Problem requirements ::
Using the line that contains "Mooroolbark VIC 3138" as the first line and the last line of the data as the final one, give every line in that range again exactly.

----- Records shown -----

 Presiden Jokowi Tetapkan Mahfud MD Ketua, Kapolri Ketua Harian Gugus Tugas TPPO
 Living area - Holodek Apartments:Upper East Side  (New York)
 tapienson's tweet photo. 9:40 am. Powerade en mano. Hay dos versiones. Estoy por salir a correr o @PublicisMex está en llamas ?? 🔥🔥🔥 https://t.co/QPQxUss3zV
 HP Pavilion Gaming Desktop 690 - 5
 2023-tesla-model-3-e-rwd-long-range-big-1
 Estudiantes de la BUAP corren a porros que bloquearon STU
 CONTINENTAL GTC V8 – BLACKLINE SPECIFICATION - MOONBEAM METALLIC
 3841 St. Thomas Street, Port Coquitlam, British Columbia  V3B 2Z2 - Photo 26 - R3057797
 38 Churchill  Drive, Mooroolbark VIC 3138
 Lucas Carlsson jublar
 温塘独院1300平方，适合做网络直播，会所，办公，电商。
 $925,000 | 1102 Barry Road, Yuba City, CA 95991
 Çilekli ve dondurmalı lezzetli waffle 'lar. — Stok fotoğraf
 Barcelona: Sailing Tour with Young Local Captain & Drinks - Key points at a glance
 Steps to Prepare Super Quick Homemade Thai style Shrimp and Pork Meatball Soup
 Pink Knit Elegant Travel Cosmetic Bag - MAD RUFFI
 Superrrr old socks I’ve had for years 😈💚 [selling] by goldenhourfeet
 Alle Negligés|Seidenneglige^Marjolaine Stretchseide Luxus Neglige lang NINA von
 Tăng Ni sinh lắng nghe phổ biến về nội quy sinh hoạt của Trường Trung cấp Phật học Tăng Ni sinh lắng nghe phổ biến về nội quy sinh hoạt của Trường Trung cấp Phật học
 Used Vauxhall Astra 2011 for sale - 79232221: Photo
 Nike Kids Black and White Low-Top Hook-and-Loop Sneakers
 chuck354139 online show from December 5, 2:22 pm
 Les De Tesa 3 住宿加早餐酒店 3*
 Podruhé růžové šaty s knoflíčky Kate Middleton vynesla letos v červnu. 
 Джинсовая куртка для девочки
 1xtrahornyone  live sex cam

-----

Exercise answer ::
 38 Churchill  Drive, Mooroolbark VIC 3138
 Lucas Carlsson jublar
 温塘独院1300平方，适合做网络直播，会所，办公，电商。
 $925,000 | 1102 Barry Road, Yuba City, CA 95991
 Çilekli ve dondurmalı lezzetli waffle 'lar. — Stok fotoğraf
 Barcelona: Sailing Tour with Young Local Captain & Drinks - Key points at a glance
 Steps to Prepare Super Quick Homemade Thai style Shrimp and Pork Meatball Soup
 Pink Knit Elegant Travel Cosmetic Bag - MAD RUFFI
 Superrrr old socks I’ve had for years 😈💚 [selling] by goldenhourfeet
 Alle Negligés|Seidenneglige^Marjolaine Stretchseide Luxus Neglige lang NINA von
 Tăng Ni sinh lắng nghe phổ biến về nội quy sinh hoạt của Trường Trung cấp Phật học Tăng Ni sinh lắng nghe phổ biến về nội quy sinh hoạt của Trường Trung cấp Phật học
 Used Vauxhall Astra 2011 for sale - 79232221: Photo
 Nike Kids Black and White Low-Top Hook-and-Loop Sneakers
 chuck354139 online show from December 5, 2:22 pm
 Les De Tesa 3 住宿加早餐酒店 3*
 Podruhé růžové šaty s knoflíčky Kate Middleton vynesla letos v červnu. 
 Джинсовая куртка для девочки
 1xtrahornyone  live sex cam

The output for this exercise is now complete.